- _Provided information_
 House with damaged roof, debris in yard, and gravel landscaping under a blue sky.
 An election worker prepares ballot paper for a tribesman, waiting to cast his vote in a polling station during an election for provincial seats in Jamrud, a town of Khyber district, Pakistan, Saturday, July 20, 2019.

---

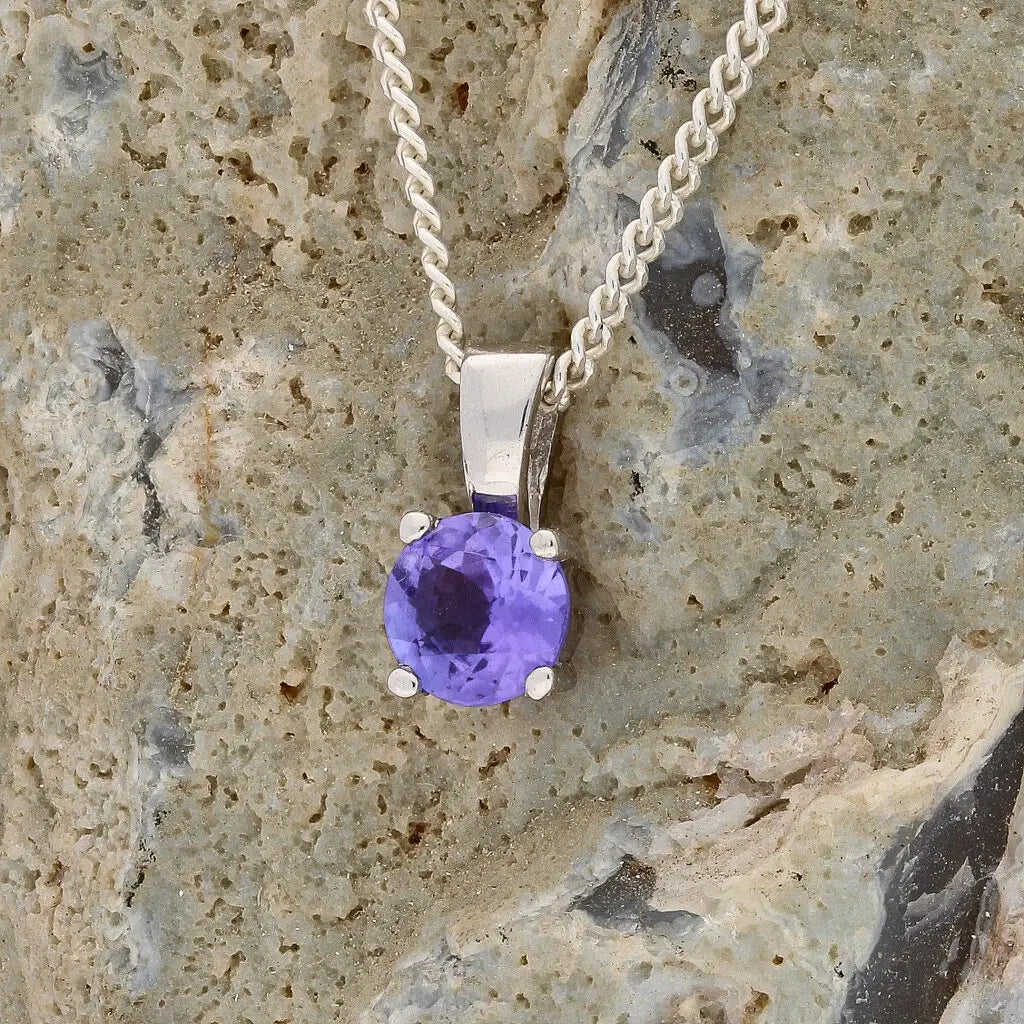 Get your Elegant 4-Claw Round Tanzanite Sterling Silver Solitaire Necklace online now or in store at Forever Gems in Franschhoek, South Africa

- _What you need to do_
Reproduce exactly the lines of the records above from the one with "House with damaged" to the one with "An election worker", both included, and leave out everything else.

- _Written answer_
 House with damaged roof, debris in yard, and gravel landscaping under a blue sky.
 An election worker prepares ballot paper for a tribesman, waiting to cast his vote in a polling station during an election for provincial seats in Jamrud, a town of Khyber district, Pakistan, Saturday, July 20, 2019.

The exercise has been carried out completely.